Abstract

Kimberlitic perovskites have been investigated in order to constrain the emplacement age of the Tshibwe kimberlite. U–Pb isotopic analyses of the perovskite grains from the Tshibwe kimberlite samples yielded an age of 85 ± 10 Ma, which is in agreement with stratigraphic and other circumstantial geological evidence. This Late Cretaceous age coincides with a sharp decrease of spreading rates at the southern Mid-Atlantic Ridge at about 84 Ma. This probably coincided with a change in the direction and velocity of African plate motion. Previous studies have proposed that such changes may provide a trigger for kimberlite magmatism.
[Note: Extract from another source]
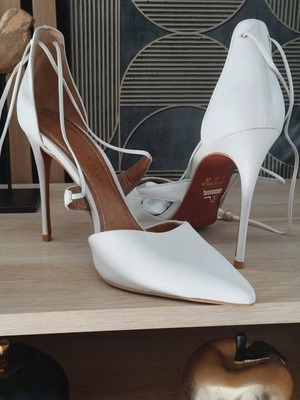 Carrano bridal sandals size 39 like new, beige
The Kasai craton appears to have been affected by two main pulses of kimberlite magmatism, an earlier pulse at 130-113 Ma resulting in kimberlites of the NE-SW-oriented Lucapa Corridor in Angola, and a later pulse of roughly 85-70 Ma responsible for the Tshibwe, Mbuji Mayi and possibly the kimberlites of the Kabinda field in the DRC, all of which are in clusters oriented roughly E-W. Mbuji-Mayi lithospheric mantle appears to be warm as the one beneath Kabinda kimberlites, whereas Tshibwe appears to have a cool lithospheric mantle. We suggest that the Tshibwe kimberlite was emplaced before a regional lithospheric heating event occurred that affected the mantle beneath Mbuji Mayi and (most likely) Kasendou. Therefore, the most consistent interpretation is that Tshibwe is the oldest of the three and all three kimberlite clusters are likely of Late Cretaceous age. Their apparently similar age and orientation suggests that they were emplaced along an east-west oriented zone of lithospheric weakness in the northeastern Kasai craton, tentatively termed the “Kasai corridor”.